Die meisten deutschen Unternehmen sind auf Märkten tätig, die von den Basisinnovationen des 19. Jahrhunderts bestimmt sind. Dem Automobil oder dem Maschinen- und Anlagenbau. Fabriken, die etwa MP3 – Player herstellen oder auch die gewinnbringende Handy-Produktion gibt es bei uns nicht. Das kann wohl kaum nur an den Arbeitskosten liegen. Schliesslich machen nach Angaben des erfolgreichen amerikanischen Mobiltelefon – Fabrikanten Motorola, der 1998 (?) in Schleswig-Holstein ein Werk eröffnete, die Arbeitskosten nur etwa 5 – 10 % der Herstellkosten eines Mobiltelefons aus.

Der Fall BenQ-Siemens zeigt vielmehr, dass es Missmanagement ist, dass dazu führt, dass neue Unternehmen, neue Produkte und neue Märkte in Deutschland nicht Platz greifen. Schuld ist nicht Herr von Pierer oder Klaus – Gehaltserhöhung – Kleinfeld. Sondern schuld ist eine risikoaversive Unternehmensstruktur, die die Leidkultur der Leitenden Angestellten hervorgebracht hat: Wer nichts entscheidet, macht nichts falsch. Und wer nichts falsch macht, wird befördert.

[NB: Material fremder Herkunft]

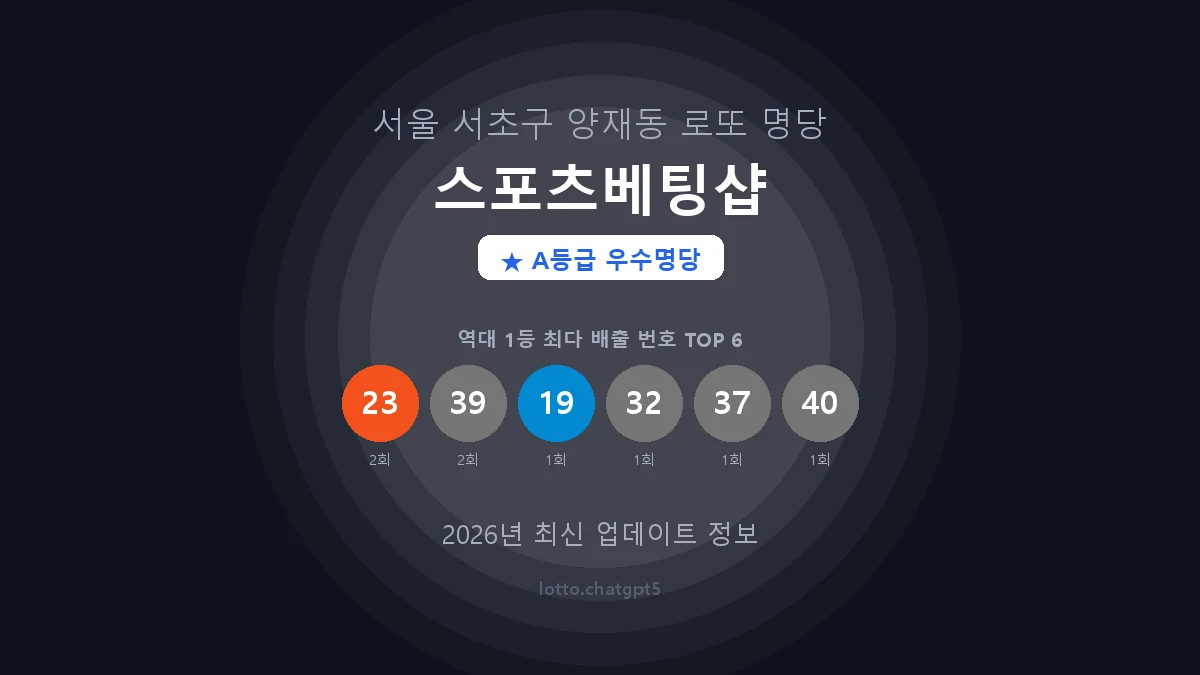 서울 서초구 양재동 로또 명당 스포츠베팅샵 1등 3회 배출 판매점 썸네일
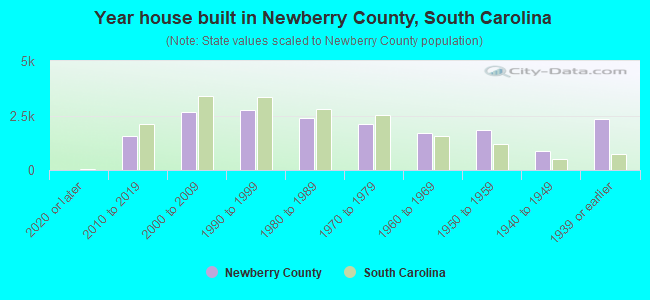 Year house built in Newberry County, South Carolina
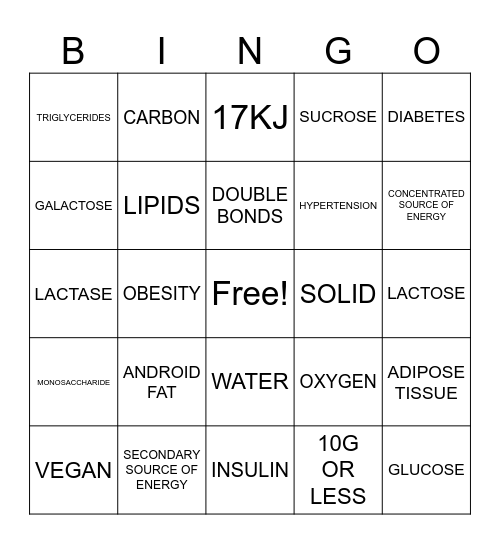 MACRONUTRIENTS & DIETARY DISORDERS Bingo Card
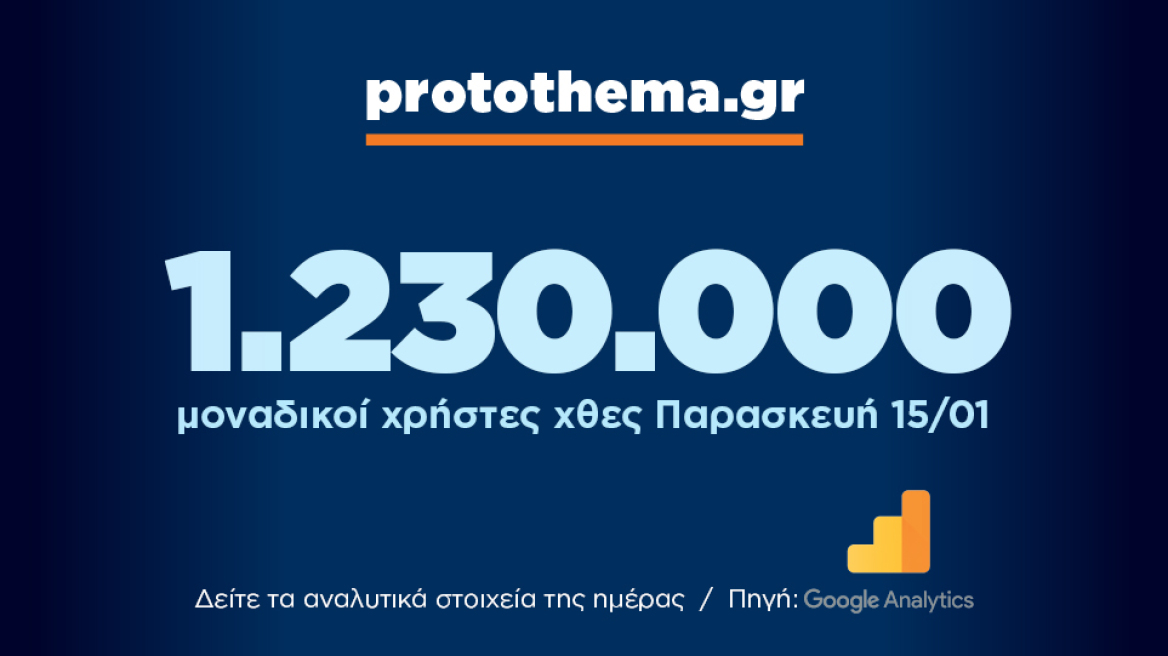 1.230.000 μοναδικοί χρήστες ενημερώθηκαν χθες Παρασκευή 15 Ιανουαρίου από το protothema.gr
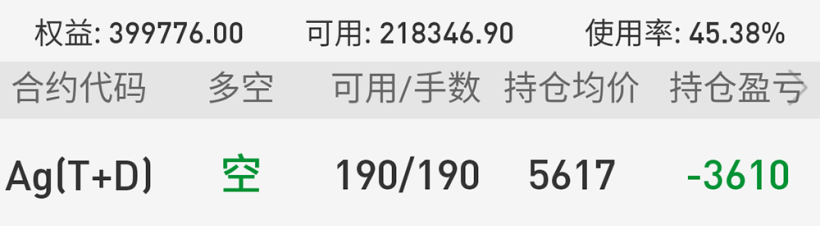 2021年 第19周「05/03 – 05/07」交易周总结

Als erfolgreiche spätindustrielle Gesellschaft haben wir uns auf ein konsensorientiertes Kartell der Besitzstandswahrer konzentriert, das neue Unternehmen, schnelle Entscheidungsrisiken und Menschen, die neue Chancen suchten aussen vor liess.

Noch geht es unseren Armen vergleichsweise gut. Wer den Besuch der Inspektoren von ARGE und Sozialamt schon bei RTL2 oder in ähnlichen Reportage-Formaten besichtigt hat, der weiß, daß im Kinderzimmer der neuen Armen ein Buch, ein Kleiderschrank oder im Wohnzimmer ein ansehnliches Wohnzimmer Mangelware sein mag. Fernseher, DVD-Recorder und PC sind aber in der Regel in vielen Räumen mehrfach vorhanden und dienen der Kurzweil. In der neuen Unterschicht wächst die Zahl derjenigen, die nicht mehr ordentlich deutsch in der Schule gelernt haben und keine Chance auf einen Ausbildungsplatz hatten, weil beim Einstellungstest die Grundrechenarten nicht abgerufen werden konnten. China und Indien bilden mehr Ingenieure aus wie die Hochschulen der europäischen Union. Aber neben den Parallelgesellschaften, des versagenden Bildungssystems und dem Eingeständnis, dass das duale System, eine Bildungsform des Mittelalters im Inforamtionszeitalter nicht die Last der Ausbildung alleine tragen kann, braucht es ein neues Grundverständnis in der Gesellschaft: Dass wer wagt, gewinnt und dass diejenigen angesehen werden, die die Chance nicht nutzen konnten und am Risiko gescheitert sind.

Wir brauchen eine neue Grundversorgung, etwa das altbekannte Bürgergeld mit einer negativen Progression (je mehr ich verdiene, desto mehr vom Sozialtransfer muss ich zurückgeben), eine steuerfinanzierte Finanzierung der Sozialtransfers, die alle Einkommen beteiligt, eine so erzeugte Halbierung der Sozialversicherungsbeiträge, ein modernes Steuerrecht und die Chance nach einem unternehmerischen Fehlschlag binnen kurzer Zeit wieder ins Wirtschaftsleben zurück zu kehren. Das alles gibt es längst: Nur nicht bei uns.